*Exercise directions*:
Please repeat each line below exactly, with no images in the copy.

*Data provided*:

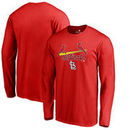 St. Louis Cardinals Fanatics Branded Big & Tall Team Lockup Long Sleeve T-Shirt - Red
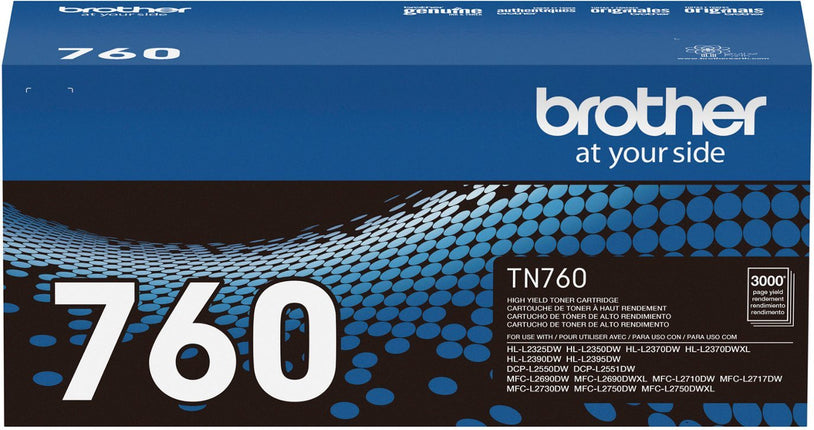 Brother - TN760 High-Yield Toner Cartridge - Black.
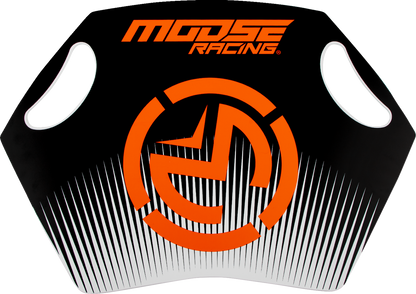 MOOSE RACING Pit Board - Black/Orange 8982600005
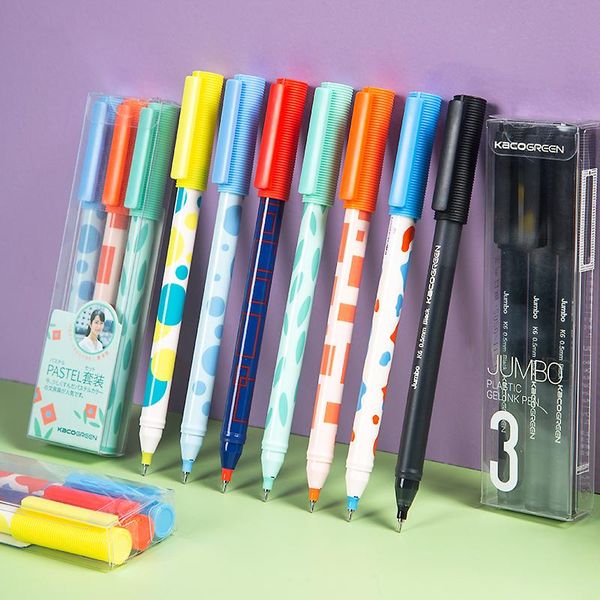 gel pens 3pcs kaco jumbo ink set pastel abstract style japanese design 0.5mm ballpoint liner marker writing school f249
gel pens 3pcs kaco jumbo ink set pastel abstract style japanese design 0.5mm ballpoint liner marker writing school f249
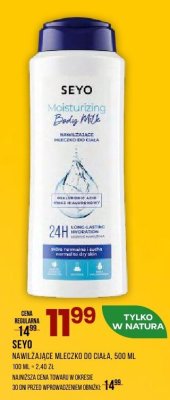Mleczko do ciała Seyo Moisturizing Body Milk promocja w Drogerie Natura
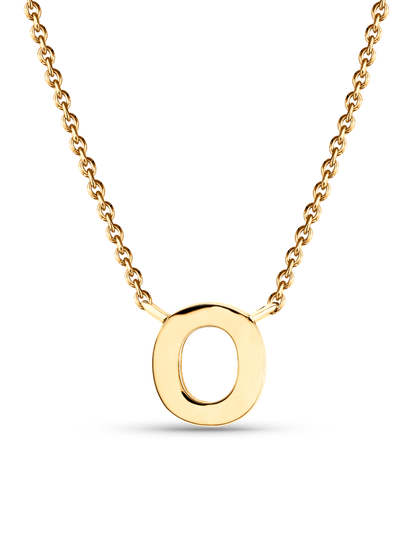 Initial O Necklace In Gold
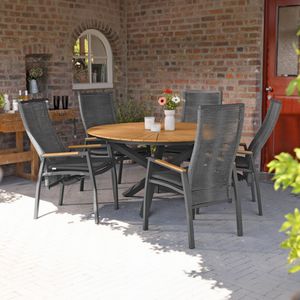 Interliving 7011 Gartenmöbel-Set M (5 Plätze) Tisch Ø140cm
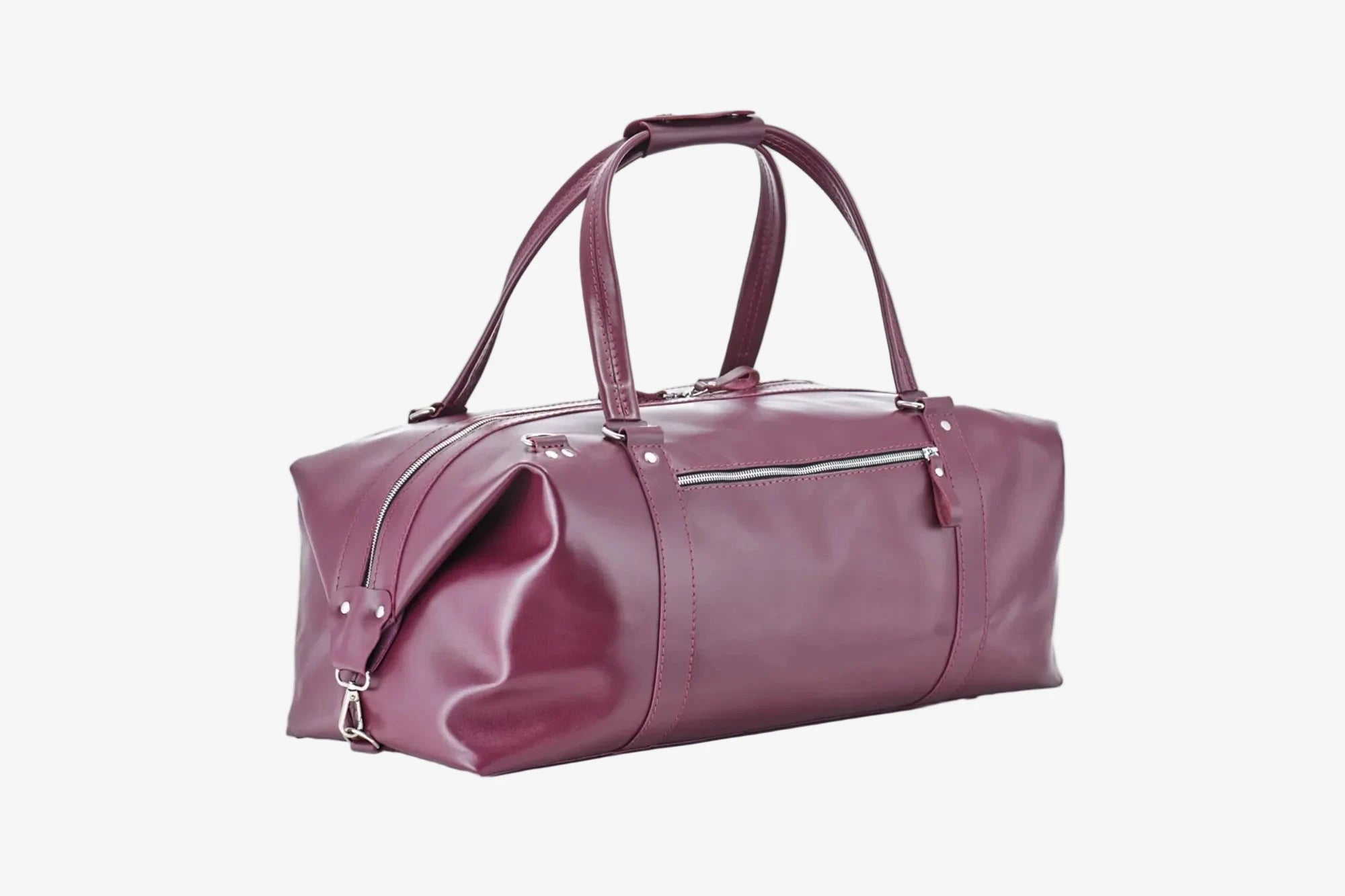 Smooth Leather Travel Bag – Men's Duffel for Weekend Getaways | Stout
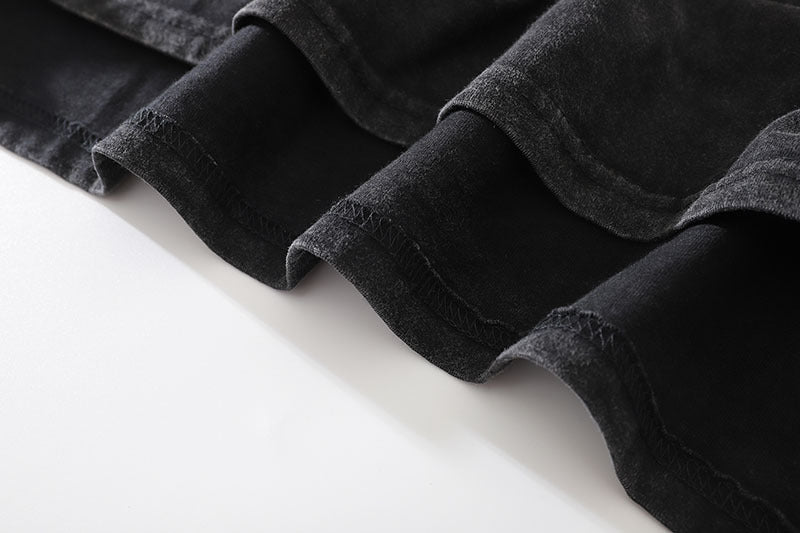 Vintage Printed Heavy Cotton Washed Short Sleeve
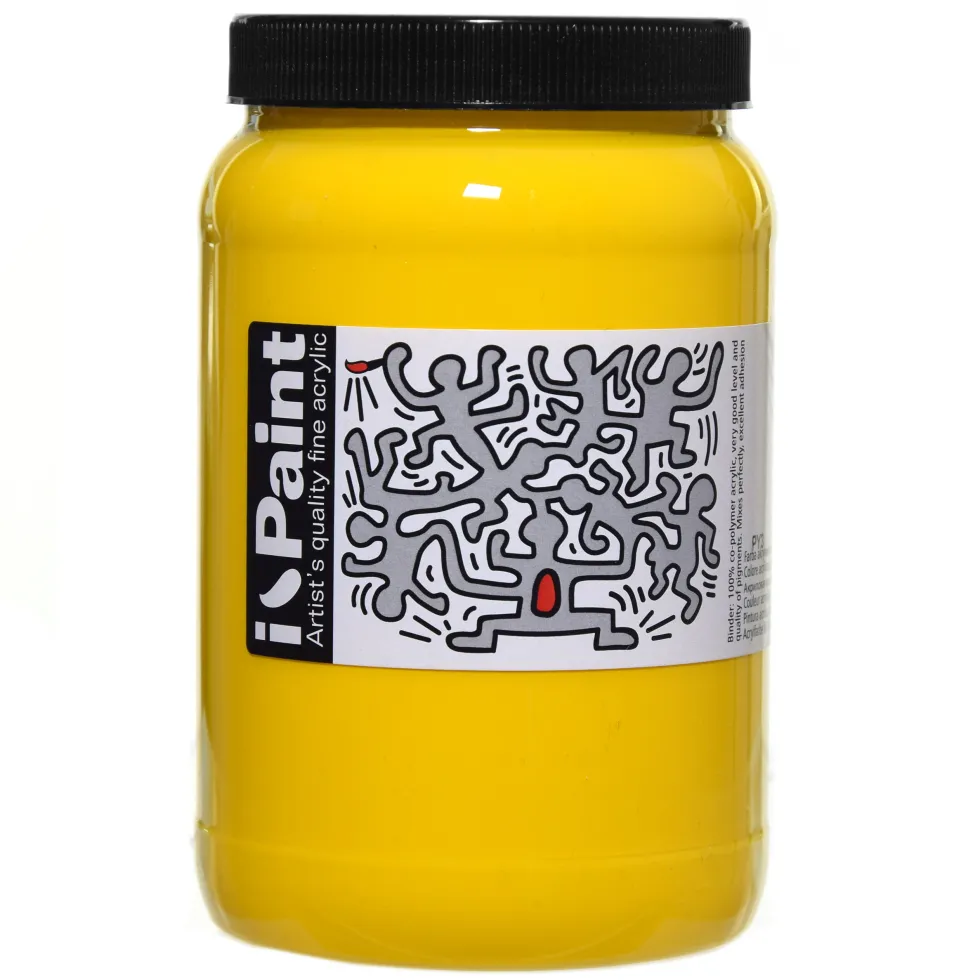 Farba akrylowa I-Paint - Renesans - 03, yellow lemon, 500 ml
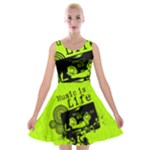 Music Is Life Velvet Skater Dress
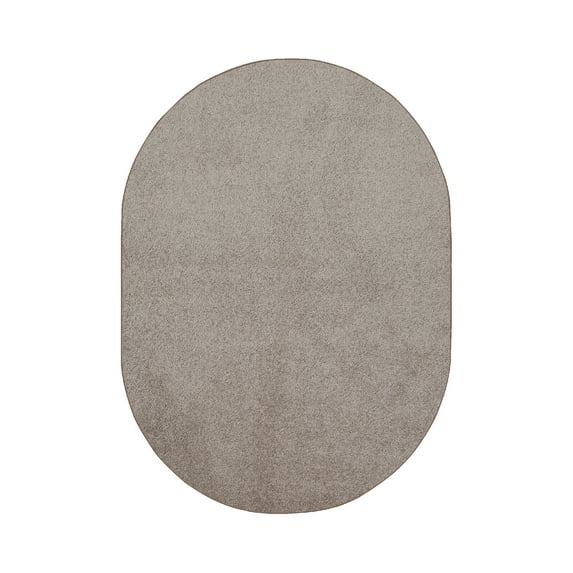 Furnish My Place Beige 3' x 6' Oval Solid Color Rug Made In Usa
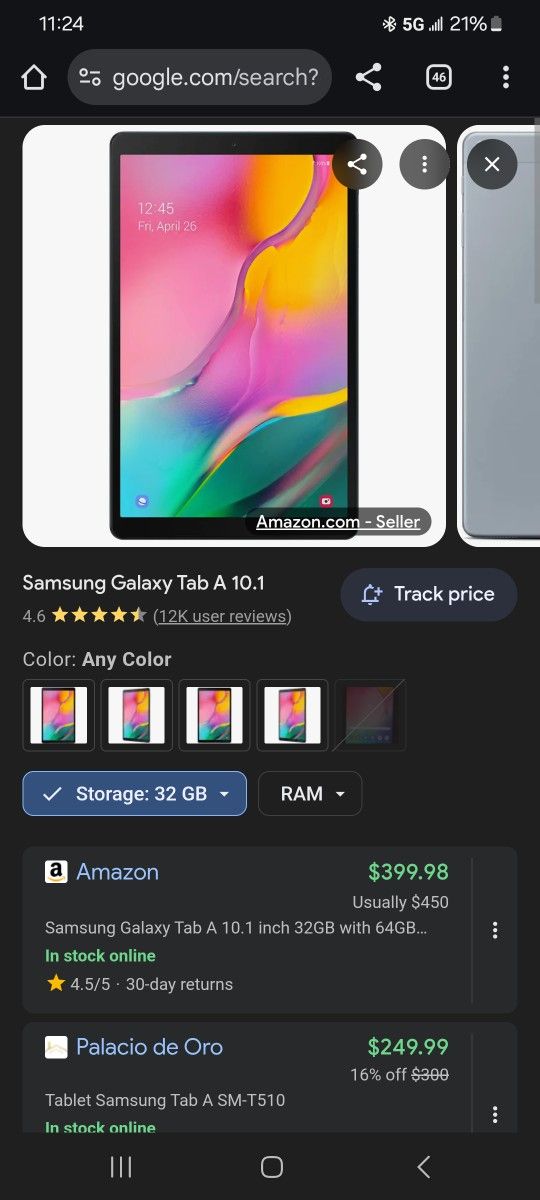 Samsung Galaxy tab A 10.1 inch 32GB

*Answer section*:
 St. Louis Cardinals Fanatics Branded Big & Tall Team Lockup Long Sleeve T-Shirt - Red
 Brother - TN760 High-Yield Toner Cartridge - Black.
 MOOSE RACING Pit Board - Black/Orange 8982600005
 gel pens 3pcs kaco jumbo ink set pastel abstract style japanese design 0.5mm ballpoint liner marker writing school f249
gel pens 3pcs kaco jumbo ink set pastel abstract style japanese design 0.5mm ballpoint liner marker writing school f249
Mleczko do ciała Seyo Moisturizing Body Milk promocja w Drogerie Natura
 Initial O Necklace In Gold
 Interliving 7011 Gartenmöbel-Set M (5 Plätze) Tisch Ø140cm
 Smooth Leather Travel Bag – Men's Duffel for Weekend Getaways | Stout
 Vintage Printed Heavy Cotton Washed Short Sleeve
 Farba akrylowa I-Paint - Renesans - 03, yellow lemon, 500 ml
 Music Is Life Velvet Skater Dress
 Furnish My Place Beige 3' x 6' Oval Solid Color Rug Made In Usa
 Samsung Galaxy tab A 10.1 inch 32GB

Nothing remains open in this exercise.